Directions: What you return should be the lines from the one with "May include: Red" through the one with "Woman in the" in the data below, reproduced exactly with both ends, and no pictures at all.

Records from a collection:

━━━━━━━━

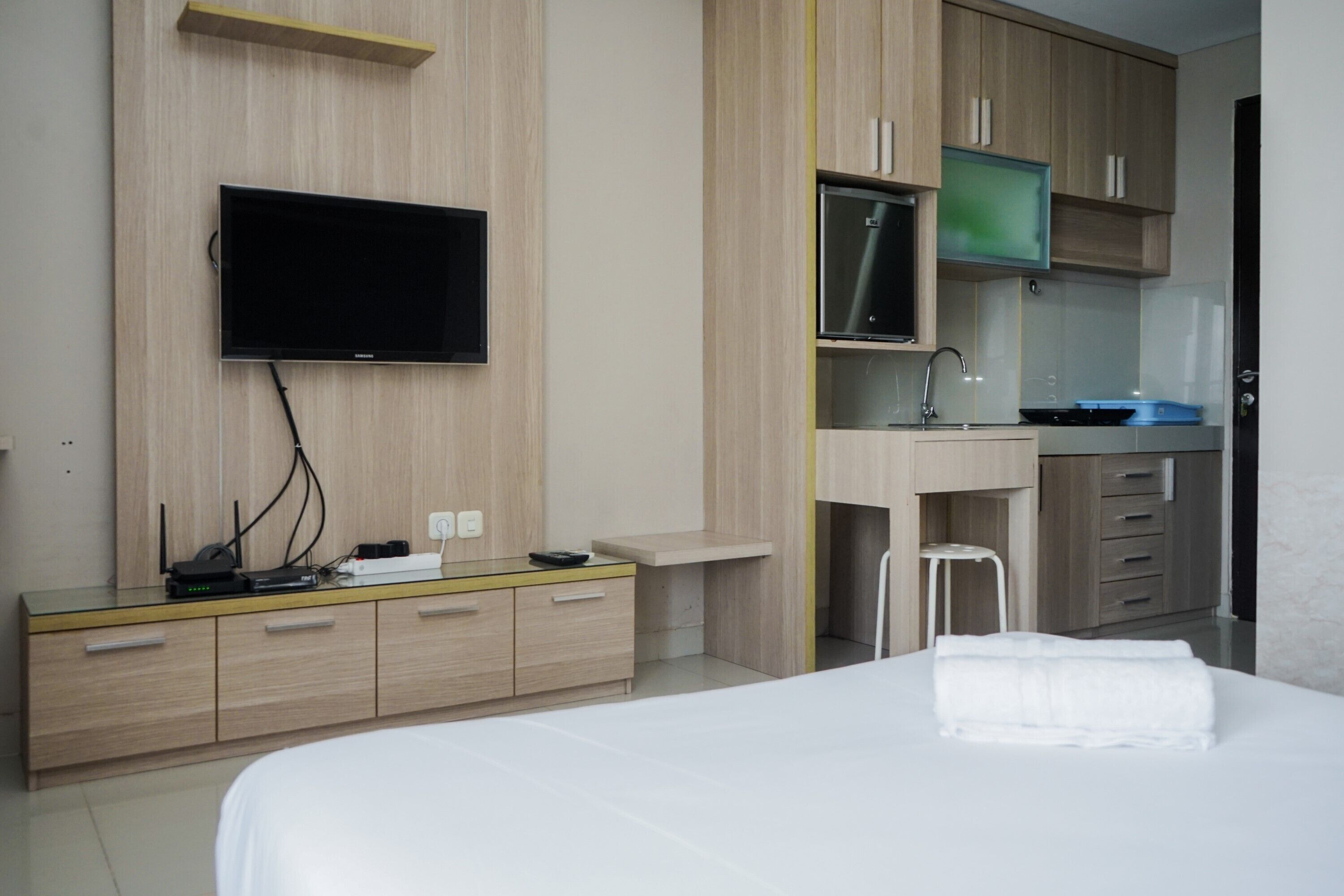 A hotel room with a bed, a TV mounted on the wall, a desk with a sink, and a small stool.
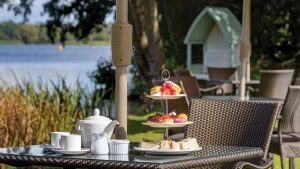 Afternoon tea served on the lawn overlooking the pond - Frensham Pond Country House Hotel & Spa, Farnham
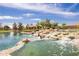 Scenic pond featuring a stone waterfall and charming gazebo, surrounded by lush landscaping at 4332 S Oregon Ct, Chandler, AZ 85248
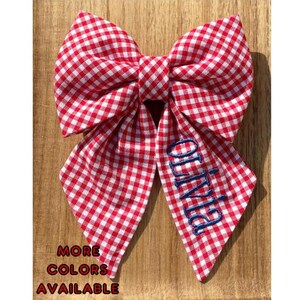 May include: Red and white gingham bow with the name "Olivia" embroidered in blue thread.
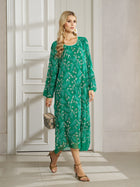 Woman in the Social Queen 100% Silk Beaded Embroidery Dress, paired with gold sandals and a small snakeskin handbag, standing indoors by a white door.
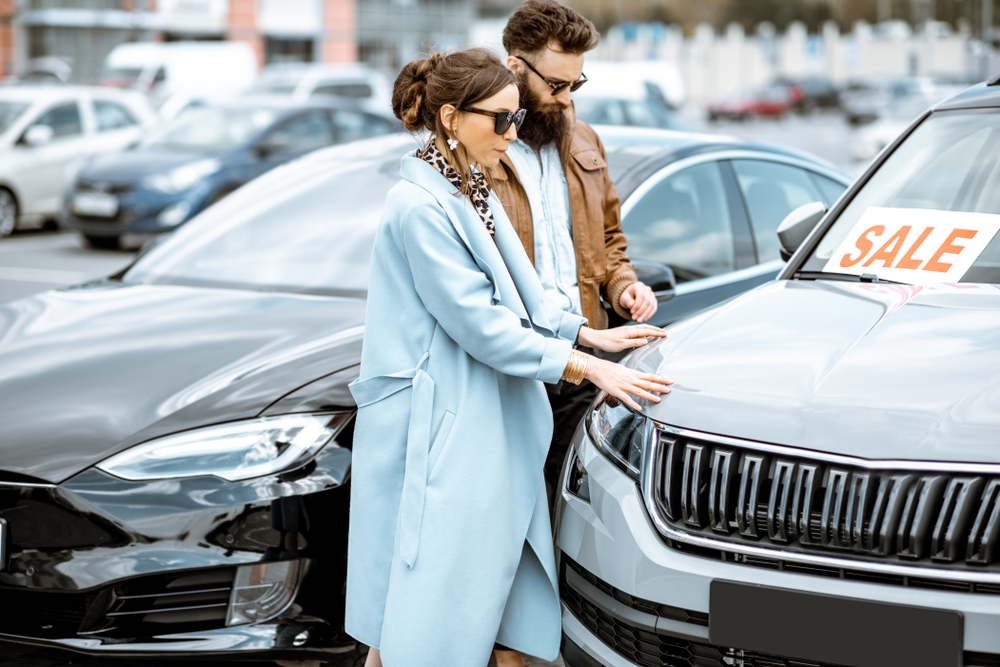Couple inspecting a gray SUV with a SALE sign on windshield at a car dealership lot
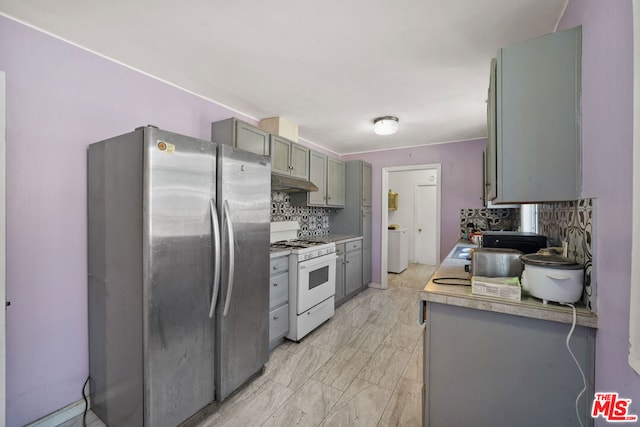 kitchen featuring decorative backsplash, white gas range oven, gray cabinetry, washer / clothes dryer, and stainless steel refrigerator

━━━━━━━━

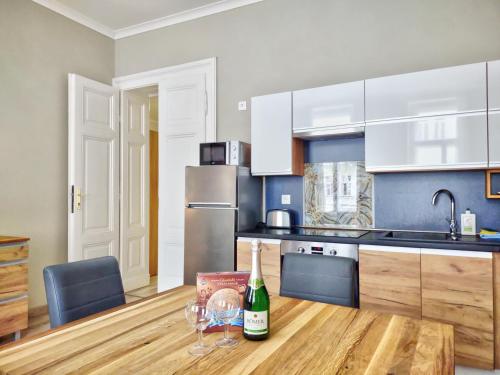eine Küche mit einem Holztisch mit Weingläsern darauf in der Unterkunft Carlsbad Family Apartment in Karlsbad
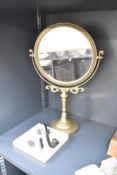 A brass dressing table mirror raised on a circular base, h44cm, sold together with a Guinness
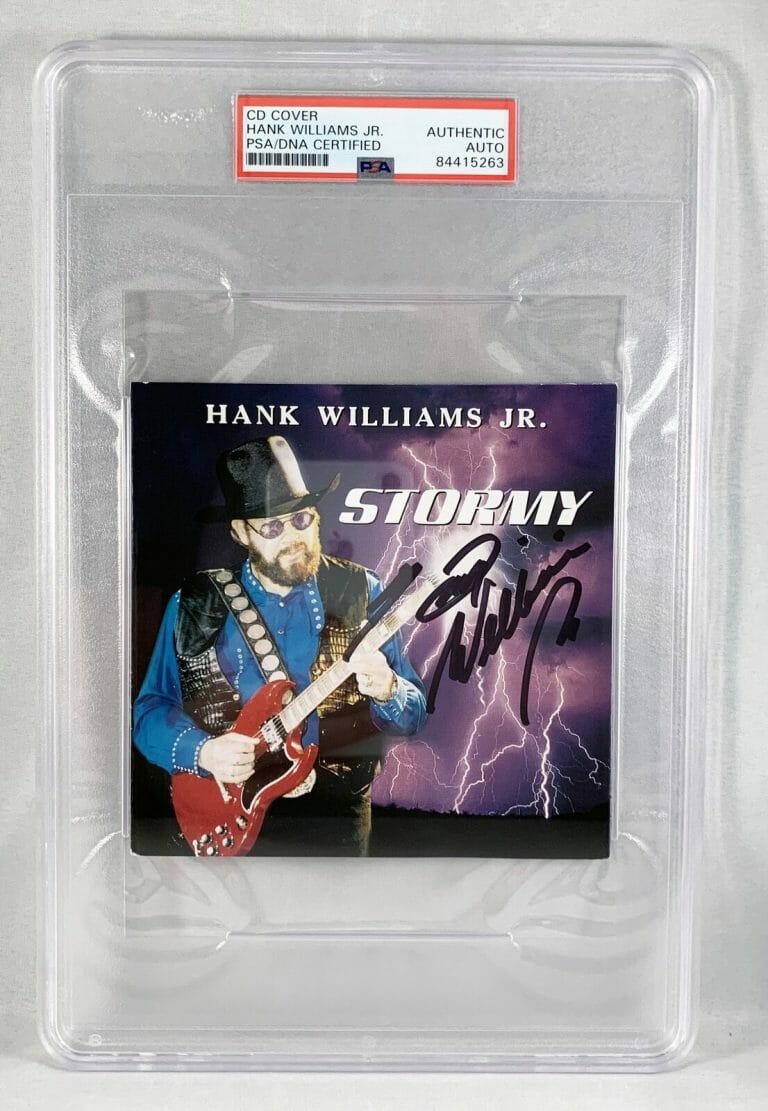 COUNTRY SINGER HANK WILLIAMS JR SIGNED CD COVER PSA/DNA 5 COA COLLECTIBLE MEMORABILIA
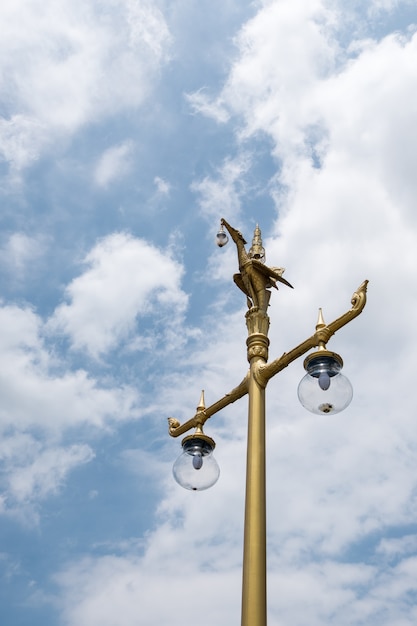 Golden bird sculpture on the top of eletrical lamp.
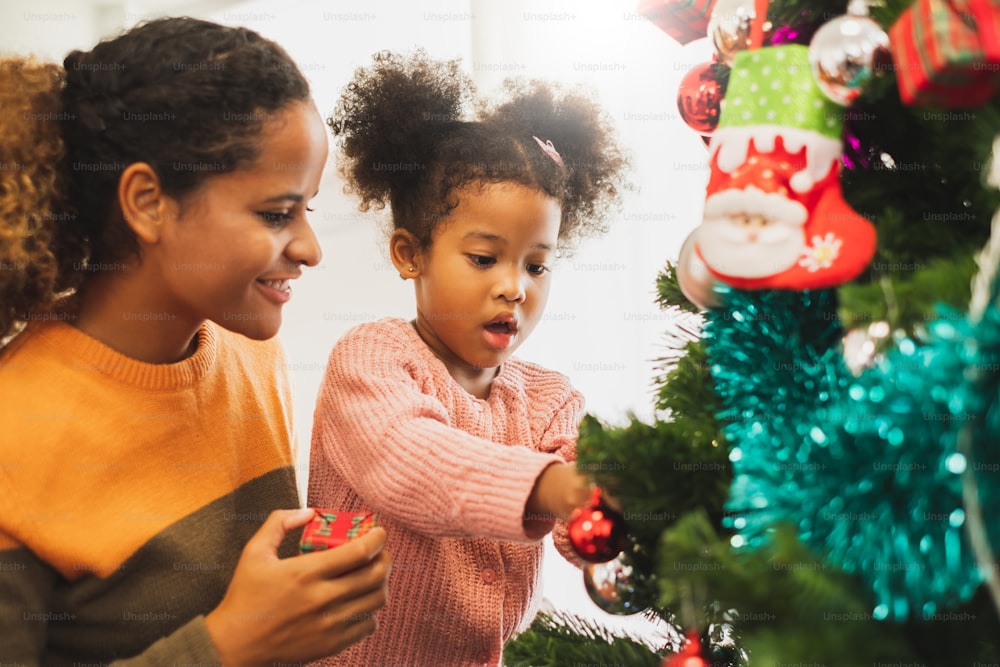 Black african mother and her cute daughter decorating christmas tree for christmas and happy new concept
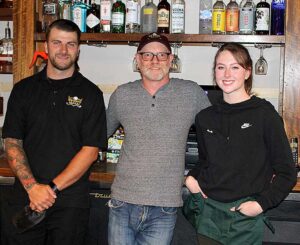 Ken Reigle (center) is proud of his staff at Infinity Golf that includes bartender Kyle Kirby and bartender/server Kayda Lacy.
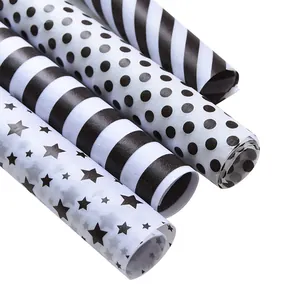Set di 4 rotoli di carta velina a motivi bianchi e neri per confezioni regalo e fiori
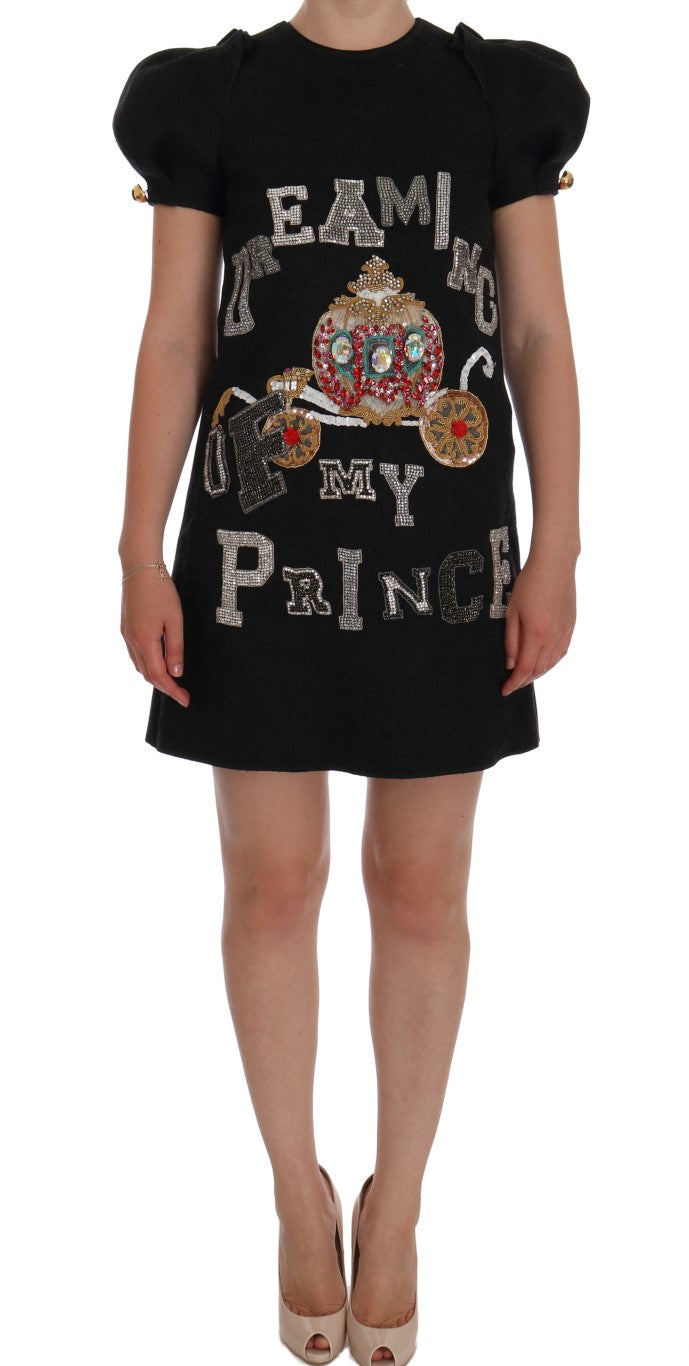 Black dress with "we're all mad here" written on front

━━━━━━━━

Response area:
 May include: Red and white gingham bow with the name "Olivia" embroidered in blue thread.
 Woman in the Social Queen 100% Silk Beaded Embroidery Dress, paired with gold sandals and a small snakeskin handbag, standing indoors by a white door.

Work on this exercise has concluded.